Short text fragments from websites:
################

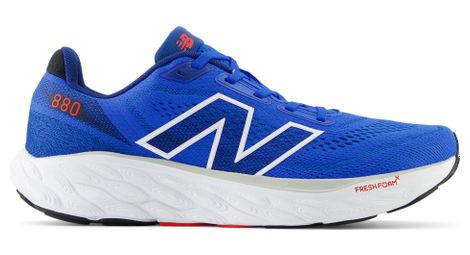 New balance fresh foam x 880v14 laufschuhe blau herren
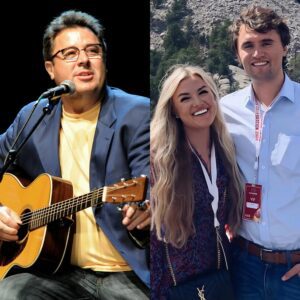 VINCE GILL’S SCATHING RESPONSE TO CRITICS: “I DON’T FOLLOW MEN WHO SHOUT FOR A LIVING” — WAS IT A TARGETED SHOT AT FOX NEWS?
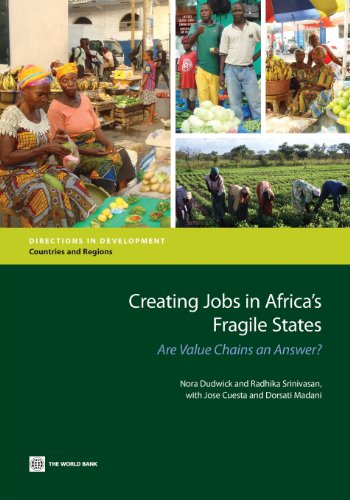 Dudwick - Creating Jobs in Africa's Fragile States: Are Value Chains a
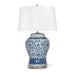 Regina Andrew - 13-1528 - One Light Table Lamp - Royal - Blue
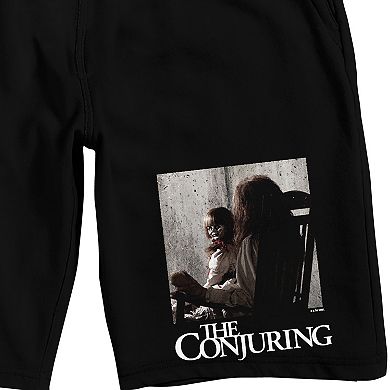 Men's The Conjuring Scene Pajama Shorts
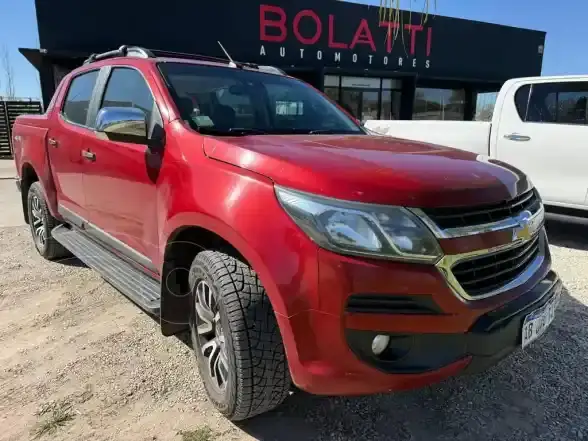 Chevrolet S 10 P-Up S10 2.8Td Dc 4X4 Hc      L/17  2017 - foto 1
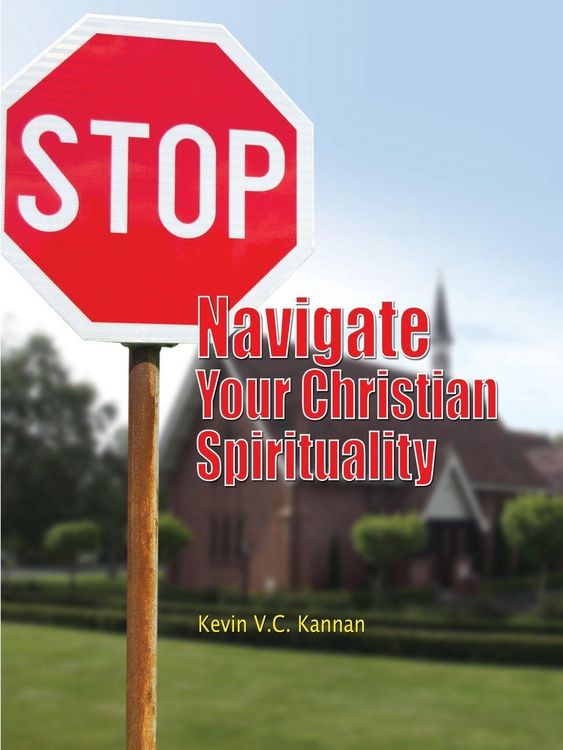Produktbild: STOP! Navigate Your Christian Spirituality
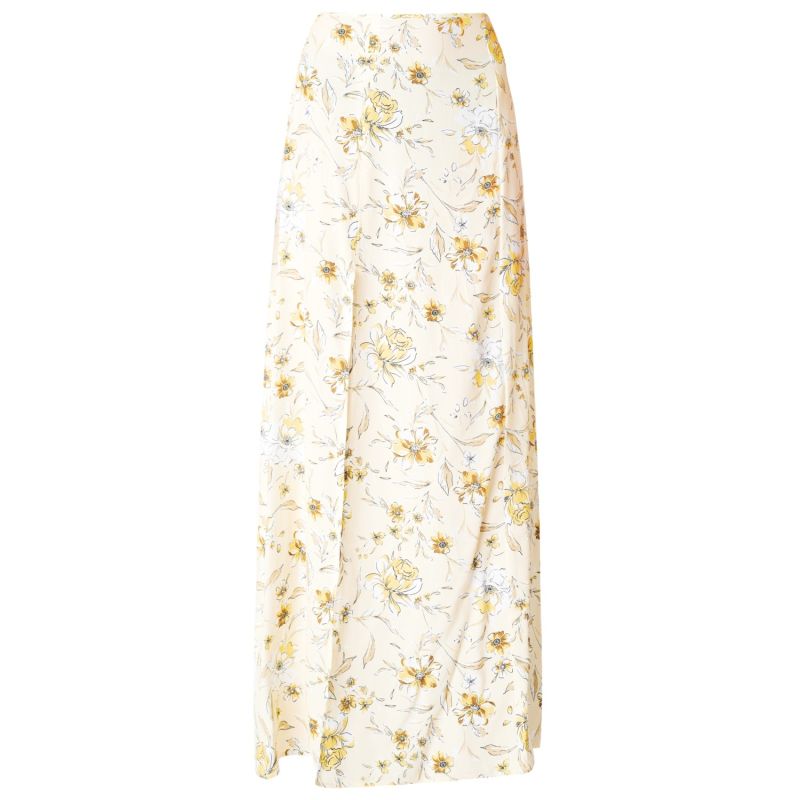 Wildflower Maxi Skirt image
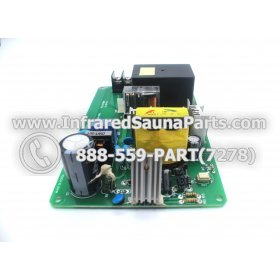  POWER BOARDS  - POWER BOARDS - XH-H241/E123995/UL-94-VO 6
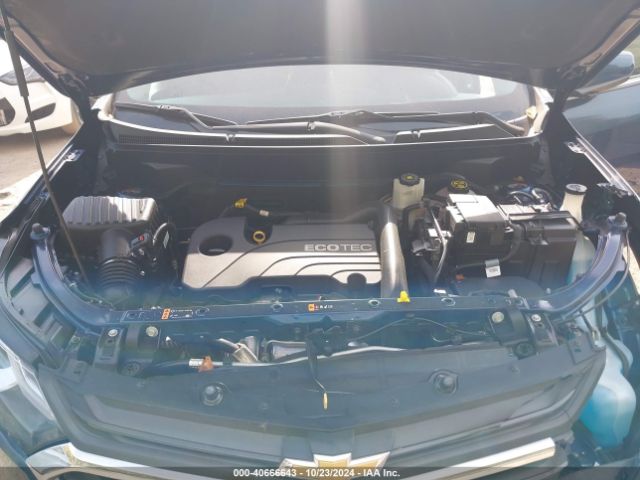 3GNAXKEV5ML382817 Chevrolet Equinox Fwd Lt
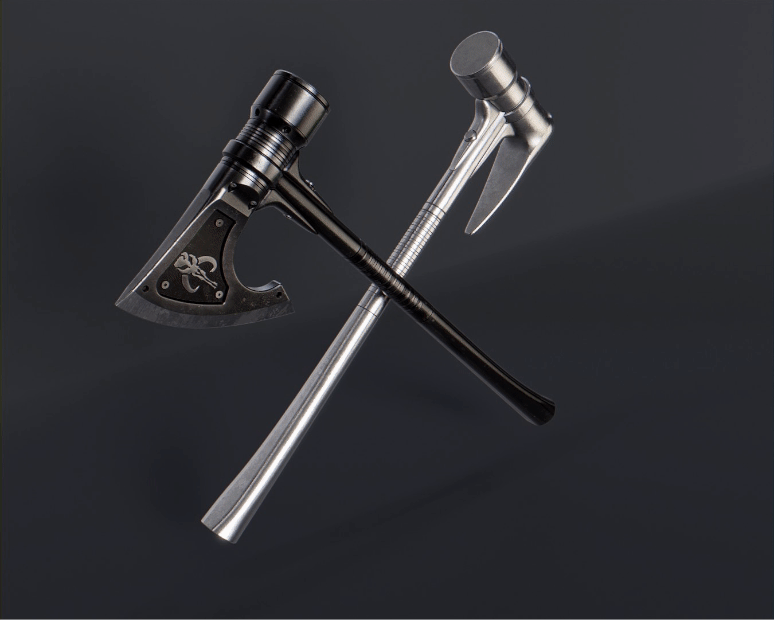 MandalorianMeleeWeapons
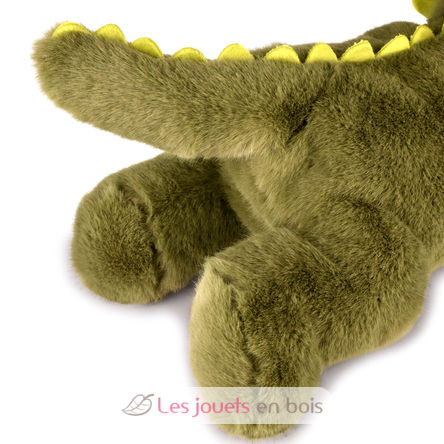 Peluche dinosauro verde con peso 40 cm HO3362 Histoire d'Ours 8
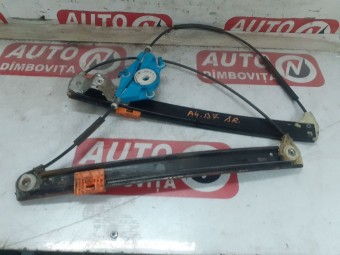 MACARA DREAPTA FATA ELECTRICA AUDI A4 B7 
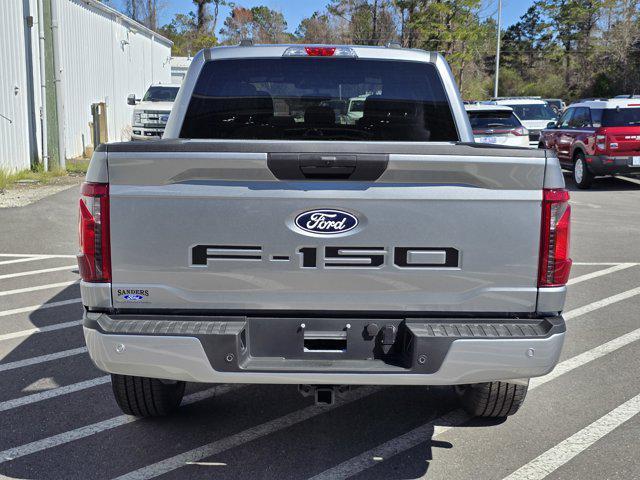 new 2025 Ford F-150 car, priced at $44,505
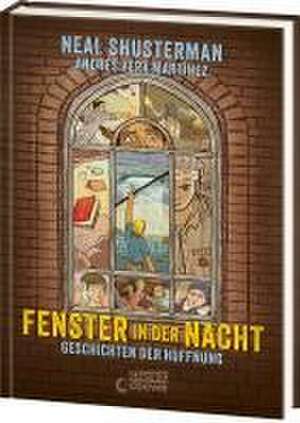 Fenster in der Nacht de Neal Shusterman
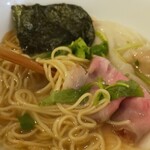 自家製手もみ麺 鈴ノ木 - 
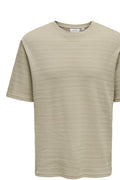 ONLY & SONS Erkek Açık Bej Kazak 22031761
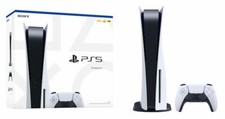 Sony PS5 Blu-Ray Edition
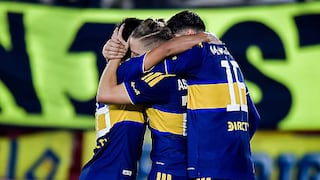 Video, gol y mejores jugadas: Boca vs. Estudiantes (1-0), por el Torneo Clausura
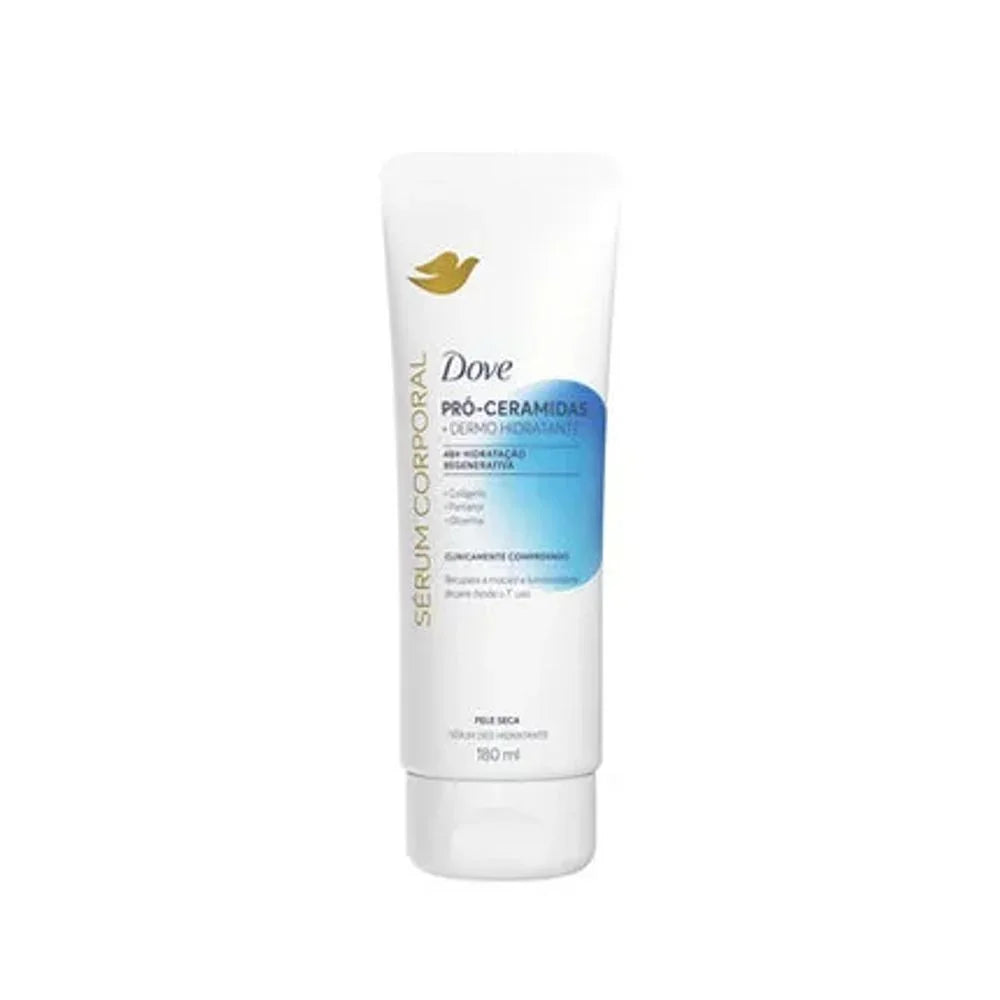 Sérum Corporal Dove Pro Ceramidas +Dermo Hidratante 180ml - UNILEVER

################

The problem:
Which lines run from the one that holds "Peluche dinosauro verde" to the final line of the records above? Return them exactly, and skip the pictures.

Task result:
 Peluche dinosauro verde con peso 40 cm HO3362 Histoire d'Ours 8
 MACARA DREAPTA FATA ELECTRICA AUDI A4 B7 
 new 2025 Ford F-150 car, priced at $44,505
 Fenster in der Nacht de Neal Shusterman
 自家製手もみ麺 鈴ノ木 - 
 ONLY & SONS Erkek Açık Bej Kazak 22031761
 Sony PS5 Blu-Ray Edition
 Video, gol y mejores jugadas: Boca vs. Estudiantes (1-0), por el Torneo Clausura
 Sérum Corporal Dove Pro Ceramidas +Dermo Hidratante 180ml - UNILEVER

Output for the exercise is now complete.